Netflix Logo


Introduction

Netflix is a streaming service that offers a wide variety of TV shows and movies. Created in America, the on-demand streaming platform is very popular as it is convenient and flexible. Users are able to view Netflix on multiple devices, allowing them to watch their favorite content whenever and wherever. According to Netflix’s revenue and usage statistics, at the end of 2020 there were about 204 million Netflix subscribers worldwide. Netflix is a global phenomenon and is only on the rise.

Why This Topic?

I watch Netflix practically everyday. I think that they do a great job of providing entertaining and relevant content. I always am able to find something to watch, and most of the time end up enjoying it too.

This is why I became curious as to how Netflix’s selection comes to be. with a huge variety of content in several different categories, I thought it would be interesting to do an analysis of Netflix’s content. There are tons of different factors to their selection such as genre, country of production, rating, release year, and duration.

Data

The data used for this project comes from Kaggle. This dataset consists of TV Shows and Movies available on Netflix as of 2019. The Kaggle data set is collected from Flixable which is a third-party Netflix search engine, making it a reliable source.

I had to make a few adjustments in Excel with the original data set. First, I didn’t see a necessity to include the cast or directors, so I deleted those columns. Then, some TV Shows and Movies were listed under multiple countries and genres. Using Excel, I deleted any entries following a comma so that it was focused on one variable. Lastly, the date added on Netflix column included the month and day. I knew this would be hard to analyze in R, so I created a formula in Excel to only account for the year.

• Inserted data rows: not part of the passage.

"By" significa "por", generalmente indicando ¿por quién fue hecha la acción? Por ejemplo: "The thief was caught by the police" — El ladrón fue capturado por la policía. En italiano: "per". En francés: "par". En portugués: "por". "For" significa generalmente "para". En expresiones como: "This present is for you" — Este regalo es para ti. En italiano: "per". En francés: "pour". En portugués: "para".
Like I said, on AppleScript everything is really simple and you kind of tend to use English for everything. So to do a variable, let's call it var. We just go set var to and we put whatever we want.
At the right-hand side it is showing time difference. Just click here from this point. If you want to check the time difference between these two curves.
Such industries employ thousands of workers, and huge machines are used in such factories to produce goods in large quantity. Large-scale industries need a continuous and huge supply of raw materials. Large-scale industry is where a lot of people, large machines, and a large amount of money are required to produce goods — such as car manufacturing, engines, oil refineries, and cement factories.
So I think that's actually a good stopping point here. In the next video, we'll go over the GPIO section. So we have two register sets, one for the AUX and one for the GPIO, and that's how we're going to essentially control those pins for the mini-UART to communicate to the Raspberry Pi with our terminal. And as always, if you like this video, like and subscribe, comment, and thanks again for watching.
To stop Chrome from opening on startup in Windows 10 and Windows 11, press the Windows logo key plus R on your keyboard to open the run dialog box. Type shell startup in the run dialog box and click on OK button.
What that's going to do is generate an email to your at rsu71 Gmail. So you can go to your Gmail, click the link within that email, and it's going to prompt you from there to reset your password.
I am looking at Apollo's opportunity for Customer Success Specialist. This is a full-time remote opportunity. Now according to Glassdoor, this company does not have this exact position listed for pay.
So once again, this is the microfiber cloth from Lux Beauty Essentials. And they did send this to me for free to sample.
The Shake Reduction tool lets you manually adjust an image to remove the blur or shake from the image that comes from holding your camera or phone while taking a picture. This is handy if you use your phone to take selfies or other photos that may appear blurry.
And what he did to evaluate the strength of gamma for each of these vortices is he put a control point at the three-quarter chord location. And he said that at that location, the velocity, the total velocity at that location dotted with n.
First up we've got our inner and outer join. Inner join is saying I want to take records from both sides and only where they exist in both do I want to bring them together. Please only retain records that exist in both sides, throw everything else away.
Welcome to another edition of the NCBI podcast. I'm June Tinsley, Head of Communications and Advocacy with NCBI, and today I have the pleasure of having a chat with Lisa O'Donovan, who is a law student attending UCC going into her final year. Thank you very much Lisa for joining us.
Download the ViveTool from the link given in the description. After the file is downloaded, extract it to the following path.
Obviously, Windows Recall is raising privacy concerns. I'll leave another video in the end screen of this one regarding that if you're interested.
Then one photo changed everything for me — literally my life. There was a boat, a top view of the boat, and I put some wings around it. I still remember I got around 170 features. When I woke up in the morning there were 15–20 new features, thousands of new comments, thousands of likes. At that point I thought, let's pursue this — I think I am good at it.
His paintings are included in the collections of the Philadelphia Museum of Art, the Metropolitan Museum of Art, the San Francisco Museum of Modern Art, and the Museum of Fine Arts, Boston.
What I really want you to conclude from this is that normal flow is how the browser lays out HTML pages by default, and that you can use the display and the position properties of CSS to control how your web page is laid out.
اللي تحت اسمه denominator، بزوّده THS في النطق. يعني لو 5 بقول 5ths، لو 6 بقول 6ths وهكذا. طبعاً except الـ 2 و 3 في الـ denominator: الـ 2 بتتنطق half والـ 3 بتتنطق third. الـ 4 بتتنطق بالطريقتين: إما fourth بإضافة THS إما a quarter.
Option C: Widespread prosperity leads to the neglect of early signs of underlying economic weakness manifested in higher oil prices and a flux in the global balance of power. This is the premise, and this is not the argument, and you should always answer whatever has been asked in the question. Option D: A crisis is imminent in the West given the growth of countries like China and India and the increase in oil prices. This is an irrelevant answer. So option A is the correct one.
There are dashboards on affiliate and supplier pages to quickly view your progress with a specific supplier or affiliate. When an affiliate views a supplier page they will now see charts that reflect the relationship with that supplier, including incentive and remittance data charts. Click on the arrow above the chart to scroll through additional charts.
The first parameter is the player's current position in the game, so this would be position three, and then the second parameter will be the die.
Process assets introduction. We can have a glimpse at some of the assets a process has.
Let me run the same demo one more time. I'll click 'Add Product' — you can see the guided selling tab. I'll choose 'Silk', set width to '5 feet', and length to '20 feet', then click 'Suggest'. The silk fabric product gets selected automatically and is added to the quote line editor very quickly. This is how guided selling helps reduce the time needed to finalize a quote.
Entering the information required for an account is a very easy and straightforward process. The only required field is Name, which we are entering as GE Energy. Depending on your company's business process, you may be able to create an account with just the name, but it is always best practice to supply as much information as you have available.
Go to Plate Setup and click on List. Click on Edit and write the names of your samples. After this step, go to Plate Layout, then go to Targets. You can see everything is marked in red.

How Does Netflix Choose Their Content?

When it comes to how Netflix chooses the content to stream on their platform, I did a lot of research and came across a very informative blog post. Of course, Netflix needs licenses from studios in order to broadcast their content on the streaming service, but the selection of their Movies and TV Shows is definitely not done at random.

Netflix is a very data driven company. The decision into each TV Show and movie put into their selection is backed up by a ton of data. Netflix uses analytics to determine which content will best serve their users. Since they have such a large number of subscribers, Netflix is able to gather a tremendous amount of data. From this data, Netflix is able to make better decisions.

Analysis

Since Netflix is an American company, I was curious to view the role the home-base country plays on the international streaming platform. Netflix’s media library is home to a lot of different countries’ works- but since Netflix is an American company, does it hold mostly American produced content?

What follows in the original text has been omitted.